EXERCISE REQUIREMENTS: Print the data verbatim. Leave every image out.

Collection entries

■ ■ ■ ■

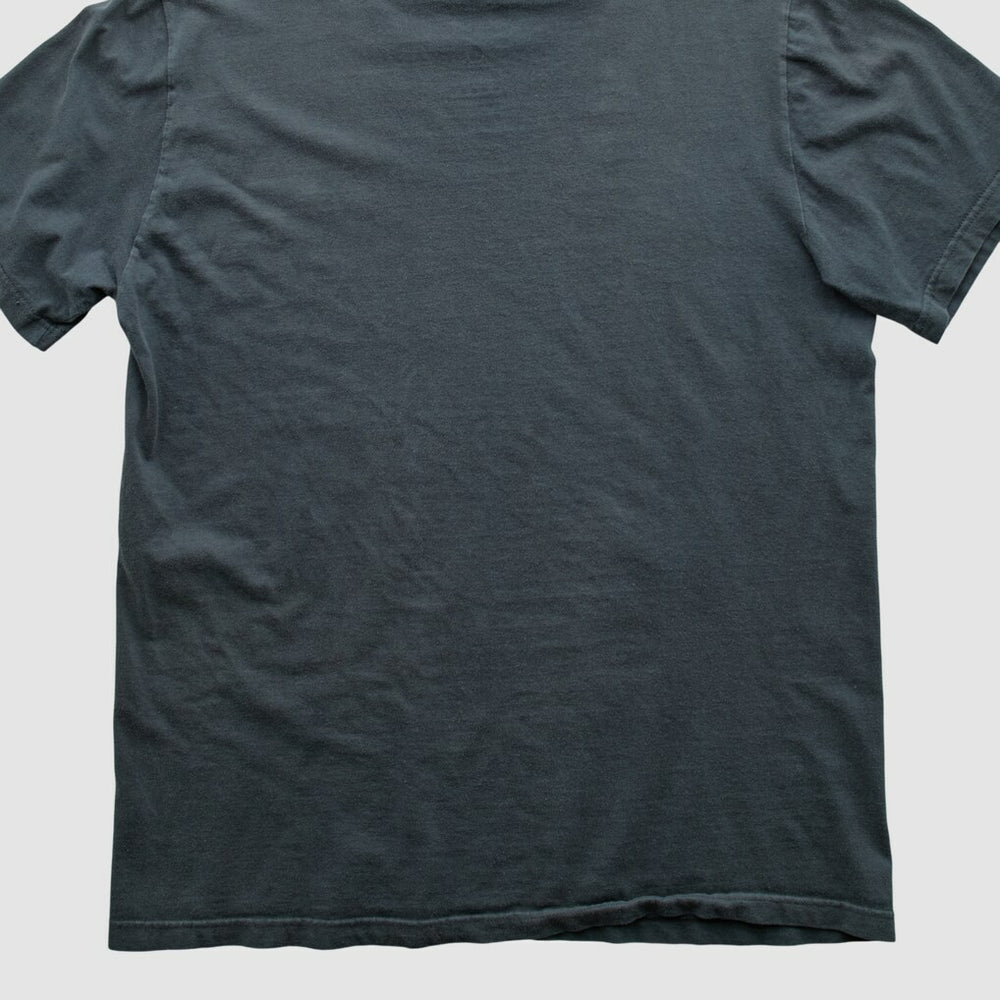 New Orleans Saints NFL 2010s T-shirt - Black Vintage - Fanatics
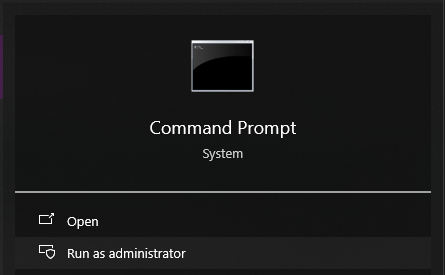 Steam Community :: Guide :: How to Add Custom Songs (SteamVR and Meta ...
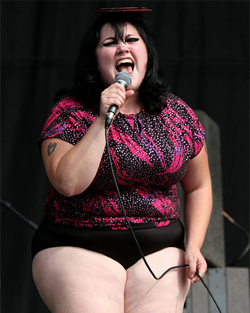 bethditto.png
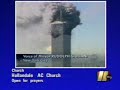 Rudy Giuliani knew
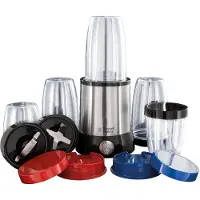 Russell Hobbs NutriBoost Multi Blender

■ ■ ■ ■

THE COMPLETED TASK:
 New Orleans Saints NFL 2010s T-shirt - Black Vintage - Fanatics
 Steam Community :: Guide :: How to Add Custom Songs (SteamVR and Meta ...
 bethditto.png
 Rudy Giuliani knew
 Russell Hobbs NutriBoost Multi Blender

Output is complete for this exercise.